でも なんでだろう、私は彼の 恋人じゃない。

猫背でひょろひょろのマモちゃんに出会い、恋に落ちた。その時から、テルコの世界はマモちゃん一色に染まり始める。
会社の電話はとらないのに、マモちゃんからの着信には秒速で対応、呼び出されると残業もせずにさっさと退社。友達の助言も聞き流し、どこにいようと電話一本で駆けつけ(あくまでさりげなく)、平日デートに誘われれば余裕で会社をぶっちぎり、クビ寸前。
大好きだし、超幸せ。マモちゃん優しいし。
だけど。
マモちゃんは、テルコのことが好きじゃない...。

 目の前に凄腕の剣士がいるとして、私も剣を持っているとするじゃないですか。一歩踏み込めば隙と見て斬りかかってくるかもしれない、悩めばそれを見透かされ、向こうから攻め入られるかもしれない。人と一緒に映画を見てエンドロールが終わり館内が明るくなった時って、私毎回そんな気持ちになってるんですけど、友達と行ったらその通りそんな気持ちになりました。
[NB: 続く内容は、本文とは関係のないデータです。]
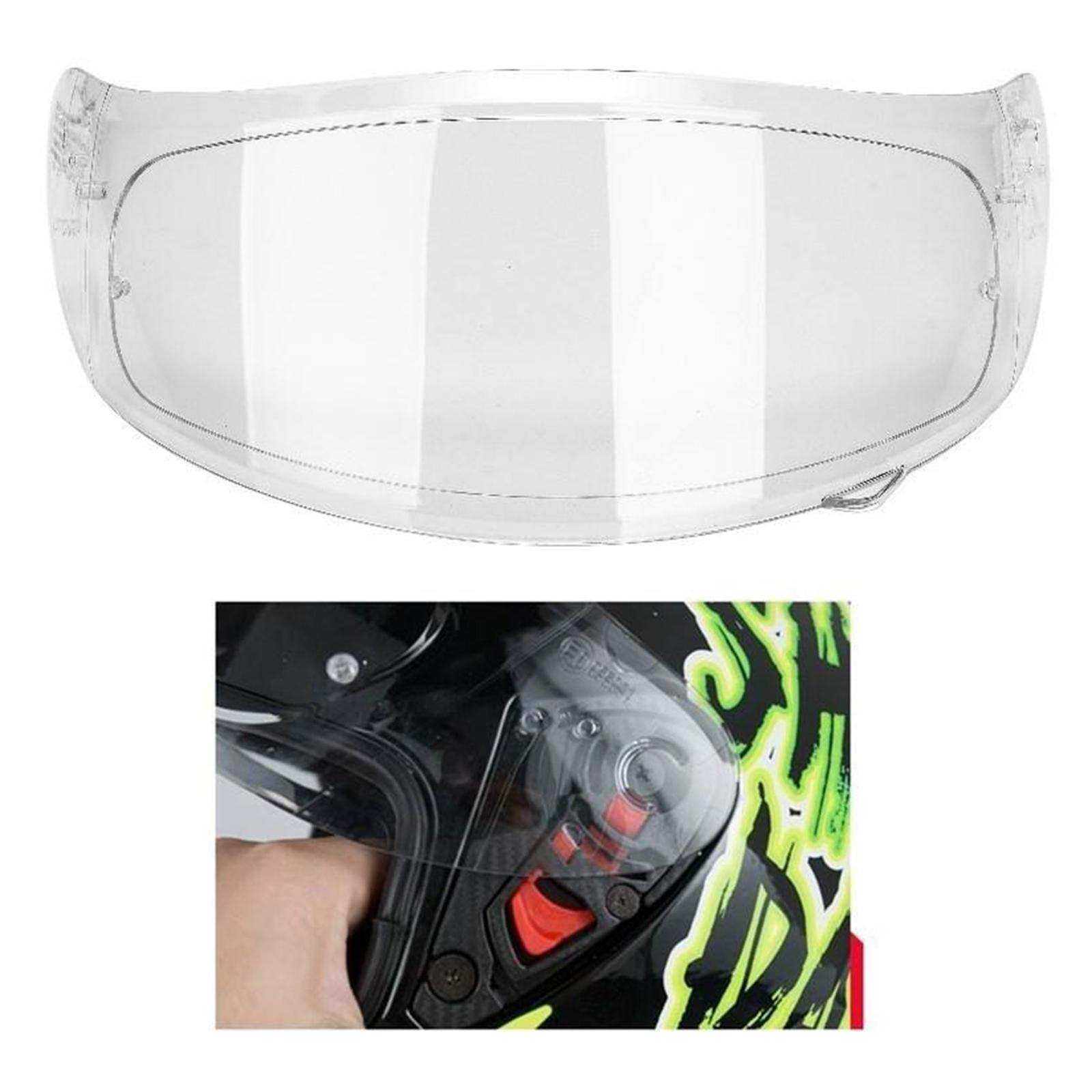Anti Full Face Visor for MT Clear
一歩間違えれば死ぬ、人生はせめぎあい。

人生の楽しみ方は1000通りあるし映画の楽しみ方は10000通りあるのを知ったうえで言うんですけど、この映画は登場人物に共感できるか否かで評価が全然変わる作品かと思います。悪い言い方をすれば、この作品の登場人物は全員、山奥の洋館で起きた殺人事件に立ち会えば「こんなところにいられるか!」と怒って部屋で一人で寝るでしょうし、「足手まといはもう嫌!役に立ちたいの!」と言って城を飛び出し主人公の旅についてきて途中で悪党に捕まるでしょう。あの頃シン・ゴジラが大ヒットしたころ叫ばれた、「登場人物に無能がいないのが良い」に反証を突き付ける、最高の無能ぶりです。恋愛とはどうして。
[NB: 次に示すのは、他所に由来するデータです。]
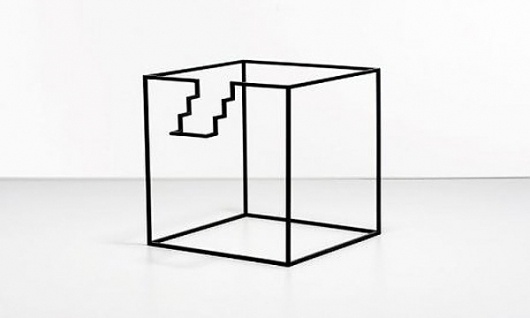 Ron Gilad's #lines #illusion #spaces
 冒頭、主人公のテルコはただ自分が一方的に好きなだけの、付き合っていない男から電話で「風邪を引いたからコンビニで何か買ってきて」と言われて、うどんの材料とカビキラーを購入し味噌煮込みうどんを手作りした後風呂の掃除を始め、しまいには深夜に男のアパートを追い出されます。

彼女がカビキラーを取り出す前、家で休んでいた頃。電話で呼び出した男に対し、テルコは「ちょうど会社から帰るところだから、食べるものを買ってついでに寄っていく」と言うのです。実際には今から準備して家を出るにも関わらず。
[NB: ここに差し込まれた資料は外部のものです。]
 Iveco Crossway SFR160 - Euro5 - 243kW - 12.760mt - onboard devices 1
ちょうど会社から帰るところだからという言い訳と、他人の家の風呂掃除という相反する行動。どれだけ取り繕っても好きという感情のどれだけ不自然なことか。彼女にとっては好きな人と電話して夜になっても「昼寝してたからまだ眠くない」と続けるとか、友達が行けなくなったライブのチケットが一枚余ったとか、そういう恋愛進行上の細やかな嘘の果てに風呂掃除があったわけです。カビキラーと風呂掃除が。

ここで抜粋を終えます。